De enquête werd verstuurd naar alle leden van de Nederlandse Vereniging voor Urologie (NVU; n = 467 urologen en n = 90 urologen i.o.). De respons was 41% onder urologen (n = 191) en 50% onder urologen i.o. (n = 45). Van hen was 36% ouder dan 50 jaar en 42% is vrouw. Het merendeel had thuiswonende kinderen (68%) en werkte fulltime (62%). De respondenten waren werkzaam in een topklinisch ziekenhuis (TKZ, 44%), een algemeen ziekenhuis (31%), een academisch ziekenhuis (23%) of in een zelfstandig behandelcentrum (2%). Het merendeel van de urologen werkte als vrijgevestigd specialist (60%).

Duurzame inzetbaarheid

Werktevredenheid. De werktevredenheid binnen de urologische beroepsgroep bleek hoog; 78% van de respondenten zei tevreden te zijn met zijn werk. Hierbij gaf 71% aan een uitdaging te zoeken naast de klinische werkzaamheden. Dit percentage was opvallend hoog in de relatief jonge leeftijdscategorie (35–39 jaar 83%) en onder urologen i.o. (79%). Ruim een kwart (27%) van de urologen vond de aandacht voor periodieke evaluatie vanuit de vakgroep onder de maat.
Bevlogenheid. Het enthousiasme over het beroep ‘uroloog’ (i.o.) was hoog: 80%. Het merendeel van de respondenten (69%) gaf aan zich fit en sterk te voelen als ze werken, met een verschil tussen mannen en vrouwen van 76 vs. 59% (p = 0,005). 58% gaf aan helemaal op te gaan in het werk. Dit speelde meer in academische centra (59%) en TKZ (63%) dan in perifere ziekenhuizen (46%; p = 0,03) en meer voor urologen (i.o.) die fulltime werkten dan voor parttimers (63 vs. 49%; p = 0,03).
Arbeidsvermogen.
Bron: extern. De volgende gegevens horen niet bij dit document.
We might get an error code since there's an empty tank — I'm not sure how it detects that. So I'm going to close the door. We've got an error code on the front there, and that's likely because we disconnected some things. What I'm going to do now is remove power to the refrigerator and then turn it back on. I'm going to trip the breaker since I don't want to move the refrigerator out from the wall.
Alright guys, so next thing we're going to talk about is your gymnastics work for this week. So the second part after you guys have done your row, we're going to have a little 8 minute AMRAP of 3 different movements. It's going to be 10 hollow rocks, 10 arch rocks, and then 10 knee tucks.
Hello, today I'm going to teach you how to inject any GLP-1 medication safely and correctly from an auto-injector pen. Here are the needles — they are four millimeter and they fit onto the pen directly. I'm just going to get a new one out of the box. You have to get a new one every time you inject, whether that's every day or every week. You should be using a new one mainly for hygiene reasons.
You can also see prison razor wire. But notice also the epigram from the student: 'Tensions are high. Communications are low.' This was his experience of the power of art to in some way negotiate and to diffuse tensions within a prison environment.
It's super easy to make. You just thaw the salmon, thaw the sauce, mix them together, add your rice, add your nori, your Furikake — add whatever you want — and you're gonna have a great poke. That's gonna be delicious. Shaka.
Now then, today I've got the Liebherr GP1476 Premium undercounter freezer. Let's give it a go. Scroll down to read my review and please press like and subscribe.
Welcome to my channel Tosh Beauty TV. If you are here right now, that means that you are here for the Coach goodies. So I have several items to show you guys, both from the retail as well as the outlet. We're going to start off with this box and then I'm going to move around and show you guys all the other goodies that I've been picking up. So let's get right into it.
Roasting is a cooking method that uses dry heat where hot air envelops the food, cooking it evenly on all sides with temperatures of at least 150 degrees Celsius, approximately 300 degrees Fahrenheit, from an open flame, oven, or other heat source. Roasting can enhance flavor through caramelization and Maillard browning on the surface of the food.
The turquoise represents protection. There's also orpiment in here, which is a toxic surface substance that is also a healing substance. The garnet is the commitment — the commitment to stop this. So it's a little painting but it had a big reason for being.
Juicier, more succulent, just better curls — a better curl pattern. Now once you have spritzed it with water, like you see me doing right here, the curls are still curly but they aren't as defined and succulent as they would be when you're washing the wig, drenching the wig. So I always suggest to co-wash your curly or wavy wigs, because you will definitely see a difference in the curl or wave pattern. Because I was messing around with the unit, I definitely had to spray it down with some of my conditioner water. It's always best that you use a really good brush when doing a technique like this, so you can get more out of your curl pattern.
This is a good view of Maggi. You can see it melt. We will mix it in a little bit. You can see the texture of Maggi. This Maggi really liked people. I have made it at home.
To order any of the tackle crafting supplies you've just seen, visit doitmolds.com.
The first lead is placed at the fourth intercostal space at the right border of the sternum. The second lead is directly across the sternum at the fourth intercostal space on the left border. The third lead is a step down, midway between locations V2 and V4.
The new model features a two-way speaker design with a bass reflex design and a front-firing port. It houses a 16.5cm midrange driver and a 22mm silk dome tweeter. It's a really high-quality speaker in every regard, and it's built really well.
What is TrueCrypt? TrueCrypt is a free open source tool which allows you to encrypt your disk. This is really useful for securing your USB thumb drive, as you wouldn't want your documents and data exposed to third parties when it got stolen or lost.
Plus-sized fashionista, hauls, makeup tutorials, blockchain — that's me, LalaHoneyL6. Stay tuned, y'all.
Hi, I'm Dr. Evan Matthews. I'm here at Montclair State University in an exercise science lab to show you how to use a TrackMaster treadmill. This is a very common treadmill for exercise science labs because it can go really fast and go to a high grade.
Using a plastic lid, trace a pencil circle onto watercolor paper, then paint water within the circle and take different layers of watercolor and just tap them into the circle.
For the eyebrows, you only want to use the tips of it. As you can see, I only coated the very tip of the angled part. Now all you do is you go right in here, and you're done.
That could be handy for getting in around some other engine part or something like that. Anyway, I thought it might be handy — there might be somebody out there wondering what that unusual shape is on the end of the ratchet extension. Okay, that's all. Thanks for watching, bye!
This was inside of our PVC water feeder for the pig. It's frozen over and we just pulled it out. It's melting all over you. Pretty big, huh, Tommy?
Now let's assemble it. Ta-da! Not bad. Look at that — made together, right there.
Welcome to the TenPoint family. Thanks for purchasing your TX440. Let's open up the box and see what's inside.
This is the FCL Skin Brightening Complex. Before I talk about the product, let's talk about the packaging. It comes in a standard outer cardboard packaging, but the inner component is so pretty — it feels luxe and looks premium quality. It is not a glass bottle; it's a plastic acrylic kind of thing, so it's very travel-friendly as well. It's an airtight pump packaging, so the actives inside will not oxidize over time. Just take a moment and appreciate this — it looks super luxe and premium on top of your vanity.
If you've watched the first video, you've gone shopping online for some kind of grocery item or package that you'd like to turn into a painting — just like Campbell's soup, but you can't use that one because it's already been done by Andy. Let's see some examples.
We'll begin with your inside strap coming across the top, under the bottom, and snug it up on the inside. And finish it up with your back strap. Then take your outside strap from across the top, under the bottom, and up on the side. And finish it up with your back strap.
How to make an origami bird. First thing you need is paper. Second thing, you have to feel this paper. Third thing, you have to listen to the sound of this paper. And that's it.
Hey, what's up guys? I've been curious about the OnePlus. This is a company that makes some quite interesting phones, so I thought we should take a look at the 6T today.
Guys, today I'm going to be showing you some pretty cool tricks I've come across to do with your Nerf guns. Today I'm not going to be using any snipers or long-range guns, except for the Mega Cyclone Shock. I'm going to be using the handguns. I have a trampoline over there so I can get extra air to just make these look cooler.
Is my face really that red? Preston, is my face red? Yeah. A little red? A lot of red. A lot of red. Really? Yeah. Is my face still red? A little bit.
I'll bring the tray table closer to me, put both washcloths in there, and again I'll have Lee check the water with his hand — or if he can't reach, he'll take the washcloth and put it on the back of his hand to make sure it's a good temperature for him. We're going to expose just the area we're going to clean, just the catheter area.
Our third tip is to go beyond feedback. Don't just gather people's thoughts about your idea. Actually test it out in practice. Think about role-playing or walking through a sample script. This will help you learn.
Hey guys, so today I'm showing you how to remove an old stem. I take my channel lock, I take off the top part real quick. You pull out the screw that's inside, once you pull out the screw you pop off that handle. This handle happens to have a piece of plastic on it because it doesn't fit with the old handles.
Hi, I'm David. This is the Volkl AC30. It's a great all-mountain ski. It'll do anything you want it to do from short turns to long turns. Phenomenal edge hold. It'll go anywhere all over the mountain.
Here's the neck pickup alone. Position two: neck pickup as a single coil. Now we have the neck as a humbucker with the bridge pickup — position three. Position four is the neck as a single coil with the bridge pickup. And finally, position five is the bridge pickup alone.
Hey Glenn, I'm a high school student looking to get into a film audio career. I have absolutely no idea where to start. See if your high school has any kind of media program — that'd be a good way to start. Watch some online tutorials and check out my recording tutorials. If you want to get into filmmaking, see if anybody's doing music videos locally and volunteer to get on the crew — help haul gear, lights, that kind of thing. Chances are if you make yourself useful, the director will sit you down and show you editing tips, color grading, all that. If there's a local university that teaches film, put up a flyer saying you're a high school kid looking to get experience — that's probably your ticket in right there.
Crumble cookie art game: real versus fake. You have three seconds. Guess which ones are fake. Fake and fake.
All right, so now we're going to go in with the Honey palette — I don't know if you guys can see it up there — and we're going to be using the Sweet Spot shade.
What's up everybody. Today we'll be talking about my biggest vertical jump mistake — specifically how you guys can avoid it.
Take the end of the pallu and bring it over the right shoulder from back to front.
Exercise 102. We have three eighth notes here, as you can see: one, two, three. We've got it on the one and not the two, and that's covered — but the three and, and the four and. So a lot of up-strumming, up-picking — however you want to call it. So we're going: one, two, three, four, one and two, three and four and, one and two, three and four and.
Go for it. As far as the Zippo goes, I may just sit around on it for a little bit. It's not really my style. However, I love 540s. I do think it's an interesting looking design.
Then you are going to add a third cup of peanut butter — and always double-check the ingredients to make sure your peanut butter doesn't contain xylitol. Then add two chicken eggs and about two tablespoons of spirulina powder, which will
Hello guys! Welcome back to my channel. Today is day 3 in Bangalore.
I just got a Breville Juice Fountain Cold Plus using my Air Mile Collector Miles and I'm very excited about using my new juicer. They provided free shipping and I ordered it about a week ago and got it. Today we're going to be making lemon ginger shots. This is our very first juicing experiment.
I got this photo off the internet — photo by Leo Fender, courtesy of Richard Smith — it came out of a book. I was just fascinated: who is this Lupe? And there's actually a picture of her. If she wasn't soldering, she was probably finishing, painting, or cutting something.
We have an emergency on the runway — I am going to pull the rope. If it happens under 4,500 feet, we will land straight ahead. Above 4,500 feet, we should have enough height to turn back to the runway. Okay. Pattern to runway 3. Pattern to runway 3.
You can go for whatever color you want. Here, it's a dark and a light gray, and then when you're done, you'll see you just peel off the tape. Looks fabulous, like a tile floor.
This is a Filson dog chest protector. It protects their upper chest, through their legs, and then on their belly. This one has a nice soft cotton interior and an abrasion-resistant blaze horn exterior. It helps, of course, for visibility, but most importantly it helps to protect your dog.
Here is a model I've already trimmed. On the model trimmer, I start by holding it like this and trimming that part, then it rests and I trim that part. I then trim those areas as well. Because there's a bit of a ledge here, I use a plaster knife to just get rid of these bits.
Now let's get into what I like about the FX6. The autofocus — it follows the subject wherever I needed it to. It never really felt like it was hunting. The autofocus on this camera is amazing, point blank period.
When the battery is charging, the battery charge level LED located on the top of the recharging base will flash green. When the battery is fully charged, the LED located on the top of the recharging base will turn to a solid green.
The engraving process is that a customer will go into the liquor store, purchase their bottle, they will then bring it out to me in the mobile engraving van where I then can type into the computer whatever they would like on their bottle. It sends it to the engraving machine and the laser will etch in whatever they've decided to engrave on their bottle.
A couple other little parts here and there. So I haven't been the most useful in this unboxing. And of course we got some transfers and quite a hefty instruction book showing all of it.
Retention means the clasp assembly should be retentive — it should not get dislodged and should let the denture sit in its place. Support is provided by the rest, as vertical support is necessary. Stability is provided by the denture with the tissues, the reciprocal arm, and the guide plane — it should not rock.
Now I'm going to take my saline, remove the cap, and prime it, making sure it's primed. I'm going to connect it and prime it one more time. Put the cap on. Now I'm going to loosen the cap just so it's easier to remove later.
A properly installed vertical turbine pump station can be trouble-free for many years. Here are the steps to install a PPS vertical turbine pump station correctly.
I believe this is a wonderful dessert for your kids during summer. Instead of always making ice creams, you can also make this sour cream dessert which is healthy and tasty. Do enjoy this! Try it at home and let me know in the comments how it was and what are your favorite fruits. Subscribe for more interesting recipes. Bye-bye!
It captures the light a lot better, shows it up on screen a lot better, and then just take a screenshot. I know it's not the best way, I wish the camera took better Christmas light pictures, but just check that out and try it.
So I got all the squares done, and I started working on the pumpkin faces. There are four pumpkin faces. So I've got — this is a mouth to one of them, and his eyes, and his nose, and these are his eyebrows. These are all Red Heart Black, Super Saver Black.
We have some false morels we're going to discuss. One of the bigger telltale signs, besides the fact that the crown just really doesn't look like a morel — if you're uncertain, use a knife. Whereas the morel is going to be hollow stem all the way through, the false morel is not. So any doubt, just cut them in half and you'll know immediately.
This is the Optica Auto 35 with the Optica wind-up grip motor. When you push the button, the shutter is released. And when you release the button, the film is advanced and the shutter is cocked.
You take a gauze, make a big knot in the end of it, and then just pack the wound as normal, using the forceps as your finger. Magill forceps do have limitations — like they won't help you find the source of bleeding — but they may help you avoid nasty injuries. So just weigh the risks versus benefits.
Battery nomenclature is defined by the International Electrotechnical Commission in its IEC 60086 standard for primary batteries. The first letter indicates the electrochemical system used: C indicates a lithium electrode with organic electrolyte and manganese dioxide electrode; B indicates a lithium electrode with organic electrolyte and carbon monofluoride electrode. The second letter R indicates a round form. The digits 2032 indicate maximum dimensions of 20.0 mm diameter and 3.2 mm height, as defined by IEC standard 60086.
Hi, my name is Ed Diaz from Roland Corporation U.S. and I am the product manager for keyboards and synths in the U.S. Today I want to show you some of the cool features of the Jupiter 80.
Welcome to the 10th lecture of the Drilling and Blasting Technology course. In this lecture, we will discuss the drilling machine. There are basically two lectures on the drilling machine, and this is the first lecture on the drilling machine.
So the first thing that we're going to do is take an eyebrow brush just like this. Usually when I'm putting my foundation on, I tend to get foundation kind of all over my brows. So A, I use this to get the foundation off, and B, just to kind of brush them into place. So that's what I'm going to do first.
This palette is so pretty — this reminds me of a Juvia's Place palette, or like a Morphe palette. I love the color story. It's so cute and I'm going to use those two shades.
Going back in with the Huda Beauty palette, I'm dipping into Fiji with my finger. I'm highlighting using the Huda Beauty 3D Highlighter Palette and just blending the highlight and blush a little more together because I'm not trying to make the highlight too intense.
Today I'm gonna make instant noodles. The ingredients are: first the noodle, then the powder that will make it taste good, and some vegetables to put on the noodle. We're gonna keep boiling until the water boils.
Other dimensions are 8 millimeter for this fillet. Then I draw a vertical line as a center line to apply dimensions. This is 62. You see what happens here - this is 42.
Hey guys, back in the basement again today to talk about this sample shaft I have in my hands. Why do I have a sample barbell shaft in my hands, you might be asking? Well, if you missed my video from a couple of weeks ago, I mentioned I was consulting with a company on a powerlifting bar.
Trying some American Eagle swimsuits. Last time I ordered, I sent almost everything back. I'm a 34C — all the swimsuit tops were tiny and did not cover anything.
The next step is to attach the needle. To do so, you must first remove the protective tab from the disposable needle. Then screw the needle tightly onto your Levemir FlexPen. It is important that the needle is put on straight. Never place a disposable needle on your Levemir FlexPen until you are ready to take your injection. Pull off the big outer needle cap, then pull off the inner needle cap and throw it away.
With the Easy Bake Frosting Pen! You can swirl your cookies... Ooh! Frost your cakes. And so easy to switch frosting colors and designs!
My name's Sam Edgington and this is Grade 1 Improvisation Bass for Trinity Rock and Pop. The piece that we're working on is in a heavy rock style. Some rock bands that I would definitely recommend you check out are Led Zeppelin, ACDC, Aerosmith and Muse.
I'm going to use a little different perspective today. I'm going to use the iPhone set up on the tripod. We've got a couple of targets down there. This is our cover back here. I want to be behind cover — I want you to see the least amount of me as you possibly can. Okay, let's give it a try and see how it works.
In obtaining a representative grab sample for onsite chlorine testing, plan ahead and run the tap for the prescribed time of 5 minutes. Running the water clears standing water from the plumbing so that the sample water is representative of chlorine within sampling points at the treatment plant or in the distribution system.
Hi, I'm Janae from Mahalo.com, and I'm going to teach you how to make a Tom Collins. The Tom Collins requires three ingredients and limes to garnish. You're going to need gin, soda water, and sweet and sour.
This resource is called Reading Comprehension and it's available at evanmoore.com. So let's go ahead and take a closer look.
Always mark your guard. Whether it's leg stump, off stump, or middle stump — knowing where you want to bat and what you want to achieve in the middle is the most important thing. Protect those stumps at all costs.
Over het algemeen gaven de respondenten aan de fysieke belasting van het werk goed aan te kunnen (86%). Op hogere leeftijd begon de fysieke belasting zwaarder te wegen (55–59 jaar 24%) en opvallend was dat 29% van de laatstejaars urologen i.o. aangaf niet makkelijk te kunnen voldoen aan de fysieke eisen die het werk stelt. Wat betreft het psychisch arbeidsvermogen gaf 80% van de respondenten aan de psychische eisen van het werk goed aan te kunnen, al bleken vrouwen hier meer moeite mee te hebben dan mannen (25% vs. 15%; p = 0,04).
Burn-out. 16% van de respondenten had een periode minder gewerkt of was een periode volledig gestopt met werken vanwege tekenen van burn-out (13% uroloog i.o., 17% uroloog; fig. 1). Dit leek vaker voor te komen bij vrouwen dan bij mannen (20 vs. 12%; p = 0,1) en kwam vaker voor bij urologen (i.o.) die parttime werkten dan onder de fulltimers (24 vs. 11%; p = 0,009). Als genoemde oorzaken werden balans tussen werk/privé, hoge werkdruk, life events, persoonlijke eigenschappen en een combinatie hiervan aangegeven. 15% van de respondenten gaf aan klachten van burn-out te hebben op het moment dat zij de enquête invulden. Van de urologen vond 34% dat er vanuit de vakgroep onvoldoende aandacht was voor de preventie van burn-out.
Werkdruk. Er is sprake van werkdruk als er een disbalans is tussen taakeisen (dat wat van een medewerker gevraagd wordt) en beschikbare hulpbronnen (de mogelijkheden die een medewerker heeft om aan de taakeisen te voldoen). Meer dan de helft (56%) van de respondenten vond de werkdruk te hoog. Dit speelde het meest in de leeftijdscategorie 55–59 jaar (72%) en meer bij vrouwen dan bij mannen (65 vs. 50%; p = 0,02). Van de respondenten gaf 40% van de vrouwen versus 24% van de mannen aan zich vaak overbelast te voelen (p = 0,01) en dit speelde het meest bij urologen (i.o.) die werkzaam waren in de algemene ziekenhuizen (40%).
Presteren. Een overtuigende meerderheid van de respondenten (92%) vond dat hij of zij goed presteerde in het werk. 85% gaf aan dat de taken die bij het werk hoorden hen goed af ging, en nog eens 12% reageerde neutraal.
Rapportcijfer. Het gemiddelde rapportcijfer dat de urologen (i.o.) aan hun leven gaven, was een 7,9.

Arbeidsmarkt

Instroom. Slechts 12% van de urologen i.o. was van mening dat er voldoende banen waren die aansloten bij hun profiel. 85% van de urologen i.o. versus 50% van de urologen vond dat vacatures veel langer vóór de werkelijke startdatum uitgezet zouden moeten worden om het proces van in- en uitstroom te versoepelen (p < 0,005).
Doorstroom. Van de respondenten gaf bijna de helft (45%) aan minder uren te willen werken, namelijk 66% van de urologen i.o. en 37% van de urologen (p = 0,004). Van de respondenten miste 27% ondersteuning van collega’s om diensten of managementtaken over te nemen.
Uitstroom. Van de urologen i.o. dacht 13% aan het stoppen met het werk als uroloog en van de urologen was dat 20%. In de leeftijdscategorie 50–65 jaar was dit zelfs rond de 30% van de urologen (fig. 2). De meest genoemde reden was een verstoorde balans tussen werk en privé (25%).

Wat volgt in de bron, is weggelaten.